Given entries START

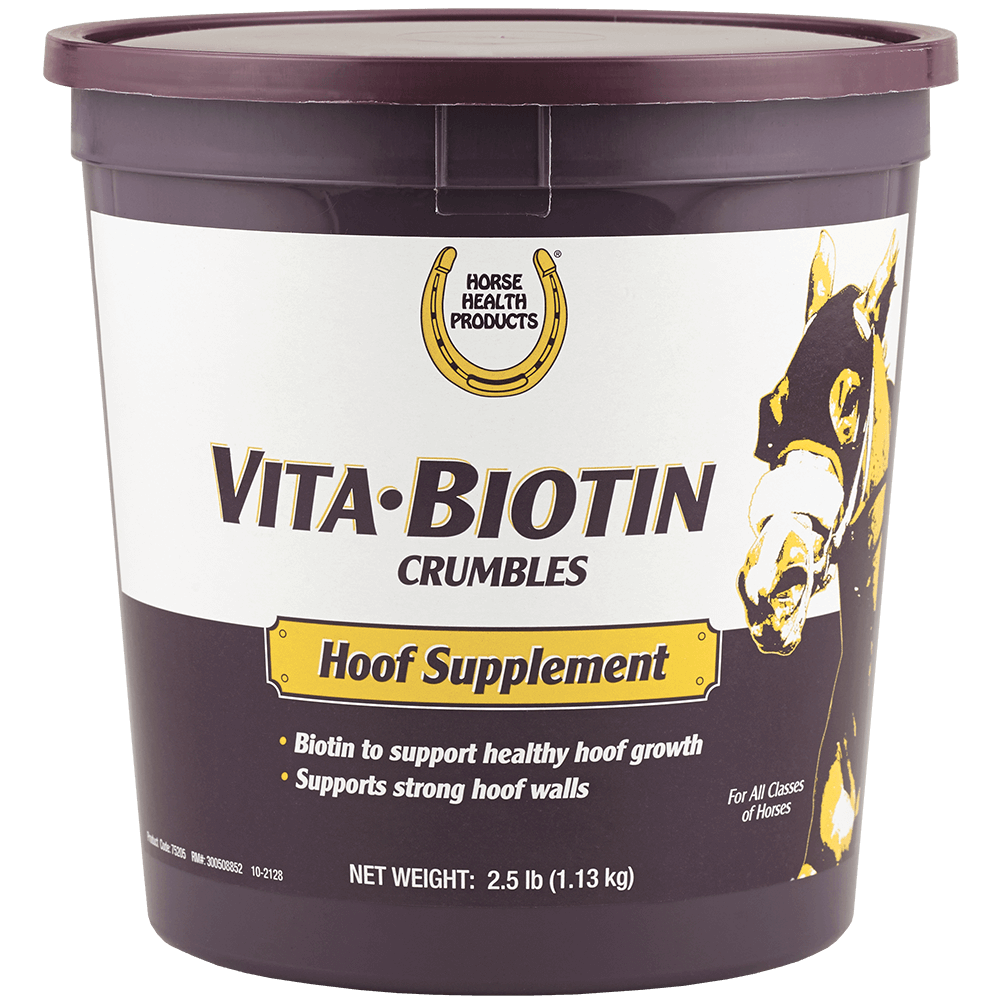 Horse Health Vita Biotin Crumbles Horse Supplement, 2.5-lb tub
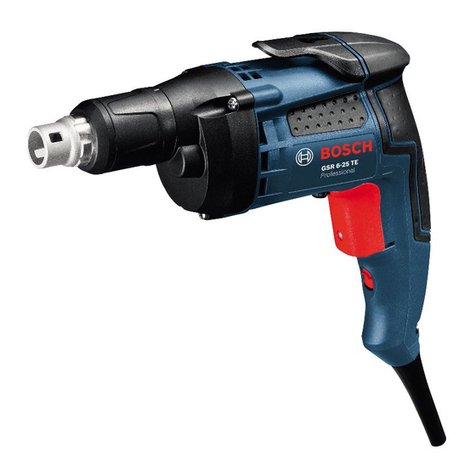 Bosch GSR 6-20 TE manual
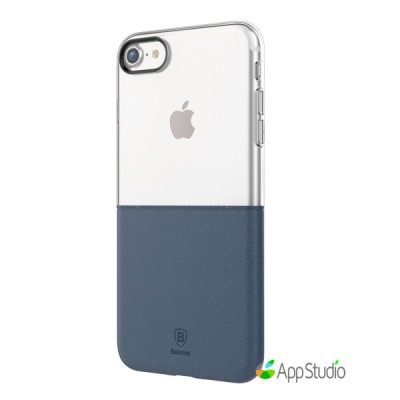 Чохол Baseus Half to Half Case For iPhone 7 Dark Blue  Чохли для iPhone
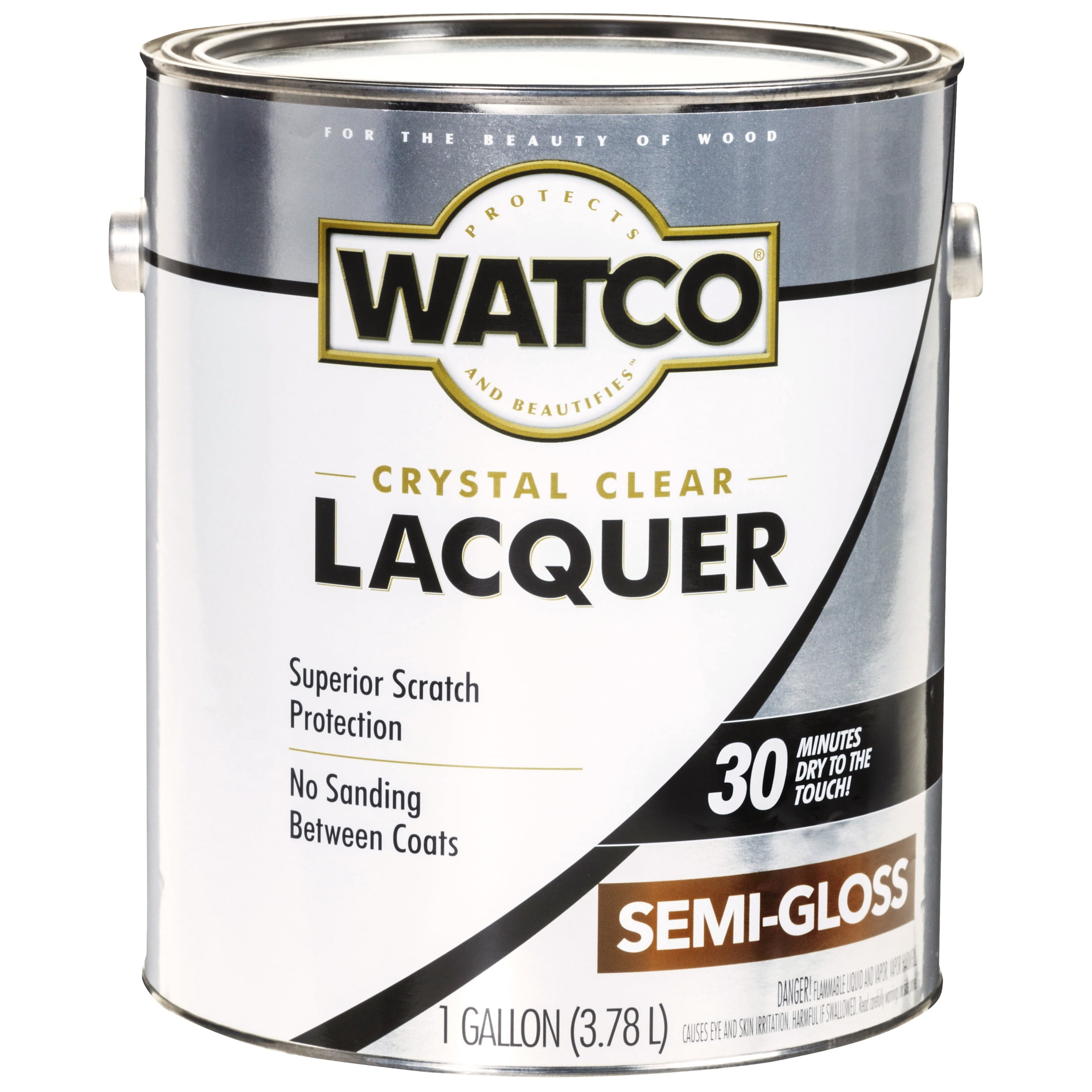 2 Pack, Clear, Watco Lacquer Wood Finish Semi-Gloss - 63131, Gallon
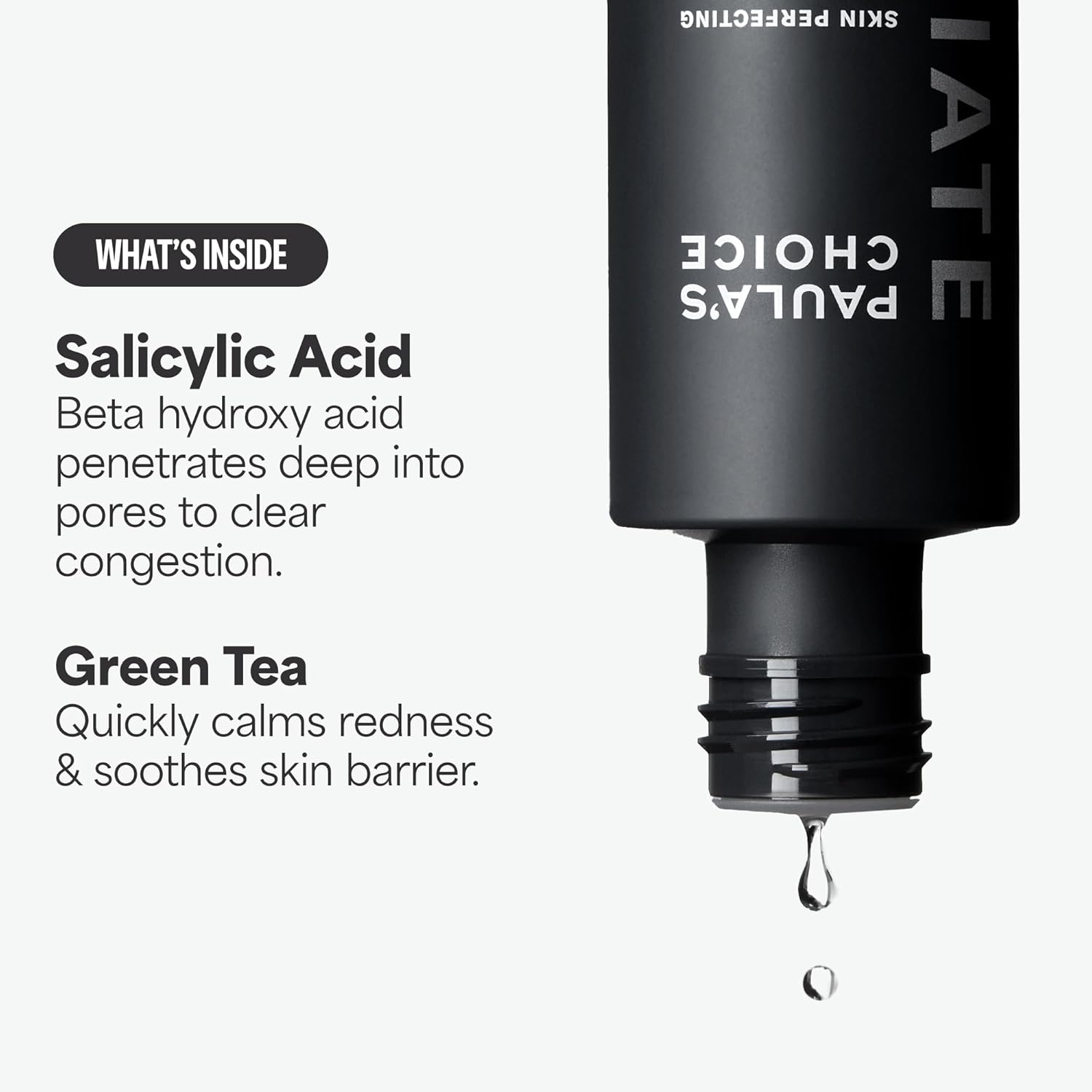 Paula's Choice Skin Perfecting 2% BHA Liquid Exfoliant 30ml black bottle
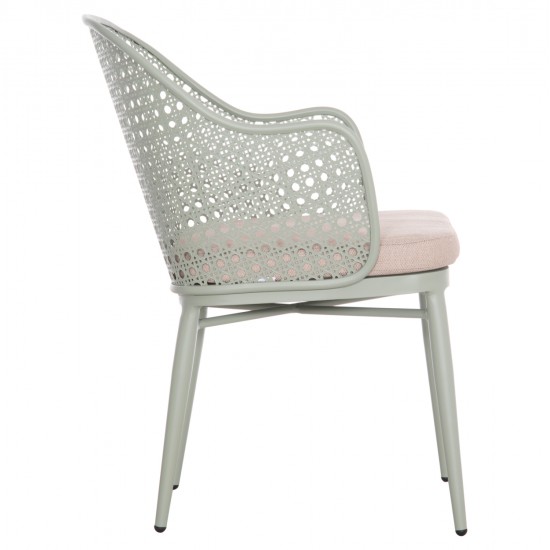 ΠΟΛΥΘΡΟΝΑ ΑΛΟΥΜΙΝΙΟΥ OREGO HM6268.06 ΦΥΣΤΙΚΙ-ΜΑΞΙΛΑΡΙ ΜΠΕΖ 56x59x81Υεκ.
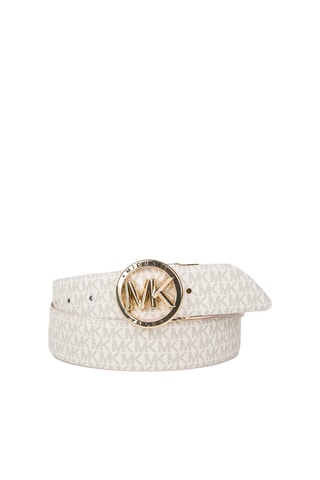 $Ceinture en cuir - Blanc
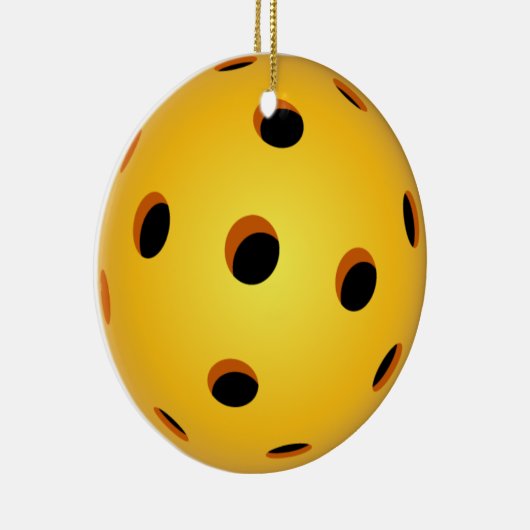 Pickleball Weihnachtsverzierung - Keramik-Kreis Keramik Ornament (Rechts)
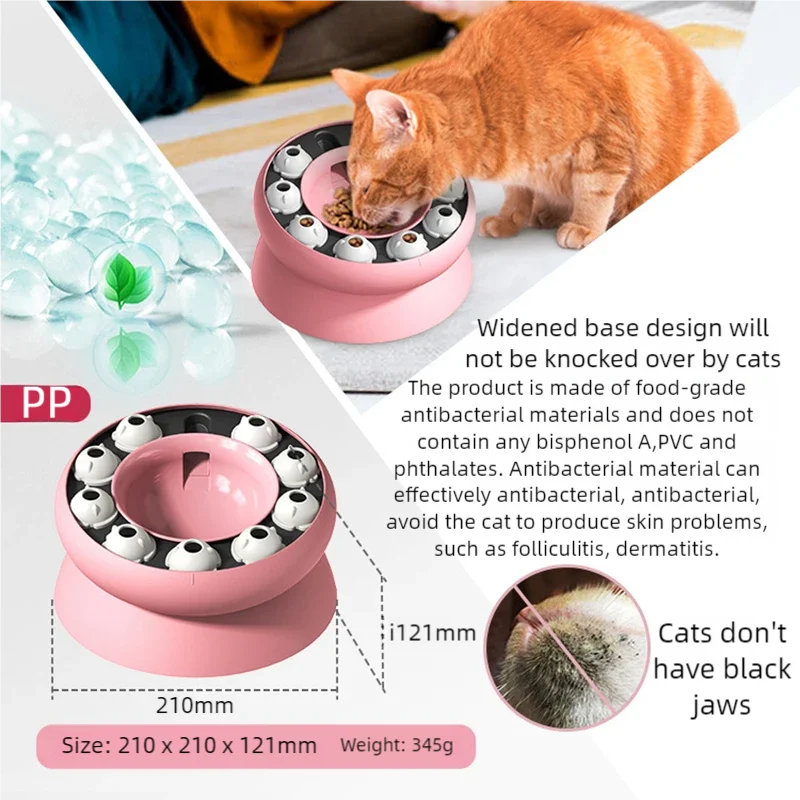 WhiskerWise Pet Slow Feeder Bowl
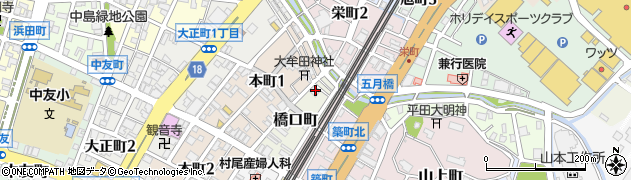 株式会社チューケン日本医薬中央研究所　大牟田ラボ周辺の地図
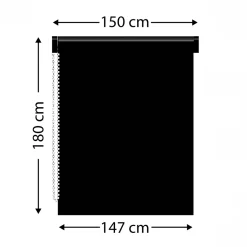 Sale Tenda a rullo filtrante (150 x 180 cm) Pure cemento Tende A Rullo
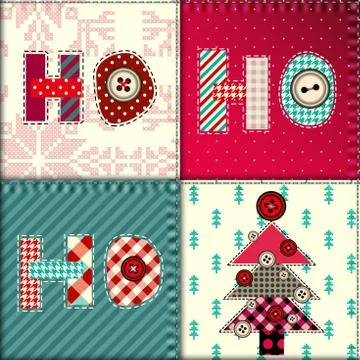 Patchwork textile pattern. Seamless quilting design background. Stock Illustration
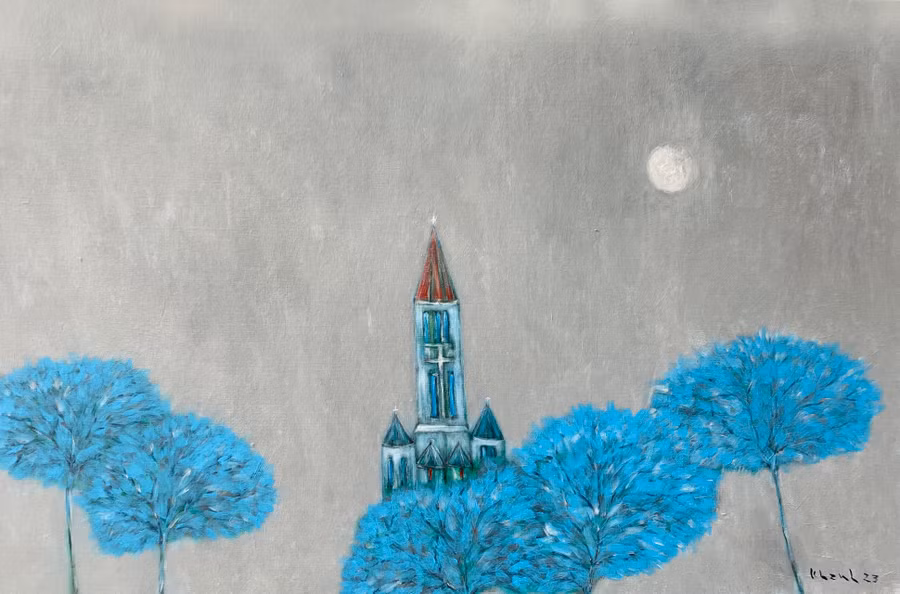 "Nơi giáo đường".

Given entries END

§ Exercise goal: Please set down, word for word, the lines starting at the line that holds "2 Pack, Clear, Watco" and running to the end of the listing, with no pictures.

§ Final answer:
 2 Pack, Clear, Watco Lacquer Wood Finish Semi-Gloss - 63131, Gallon
 Paula's Choice Skin Perfecting 2% BHA Liquid Exfoliant 30ml black bottle
 ΠΟΛΥΘΡΟΝΑ ΑΛΟΥΜΙΝΙΟΥ OREGO HM6268.06 ΦΥΣΤΙΚΙ-ΜΑΞΙΛΑΡΙ ΜΠΕΖ 56x59x81Υεκ.
 $Ceinture en cuir - Blanc
 Pickleball Weihnachtsverzierung - Keramik-Kreis Keramik Ornament (Rechts)
 WhiskerWise Pet Slow Feeder Bowl
 株式会社チューケン日本医薬中央研究所　大牟田ラボ周辺の地図
 Sale Tenda a rullo filtrante (150 x 180 cm) Pure cemento Tende A Rullo
 Patchwork textile pattern. Seamless quilting design background. Stock Illustration
 "Nơi giáo đường".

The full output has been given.